*Exercise directions*: Word for word, transcribe the lines from the one containing "在新加坡开展电子商务业务" through the end of the entries, both included, and nothing else.
* * * * *
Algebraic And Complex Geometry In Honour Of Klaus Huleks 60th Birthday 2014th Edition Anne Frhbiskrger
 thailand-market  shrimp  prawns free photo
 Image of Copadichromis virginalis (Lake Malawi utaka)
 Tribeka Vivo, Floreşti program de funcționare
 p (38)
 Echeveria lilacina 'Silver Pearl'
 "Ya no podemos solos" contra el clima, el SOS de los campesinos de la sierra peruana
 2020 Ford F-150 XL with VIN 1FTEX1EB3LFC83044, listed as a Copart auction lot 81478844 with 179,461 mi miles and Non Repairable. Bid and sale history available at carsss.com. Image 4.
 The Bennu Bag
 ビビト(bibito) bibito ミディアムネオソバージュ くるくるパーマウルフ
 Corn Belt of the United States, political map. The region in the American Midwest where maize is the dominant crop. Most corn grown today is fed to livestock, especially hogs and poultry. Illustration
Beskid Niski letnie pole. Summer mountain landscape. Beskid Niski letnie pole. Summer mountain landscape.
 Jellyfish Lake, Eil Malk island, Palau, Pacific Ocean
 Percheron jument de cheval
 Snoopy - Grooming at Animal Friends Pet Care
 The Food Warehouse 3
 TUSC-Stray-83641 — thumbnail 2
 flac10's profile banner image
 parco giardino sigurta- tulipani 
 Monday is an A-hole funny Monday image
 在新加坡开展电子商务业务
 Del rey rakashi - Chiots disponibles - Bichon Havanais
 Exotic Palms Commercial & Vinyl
* * * * *
*Solution to this task*:
 在新加坡开展电子商务业务
 Del rey rakashi - Chiots disponibles - Bichon Havanais
 Exotic Palms Commercial & Vinyl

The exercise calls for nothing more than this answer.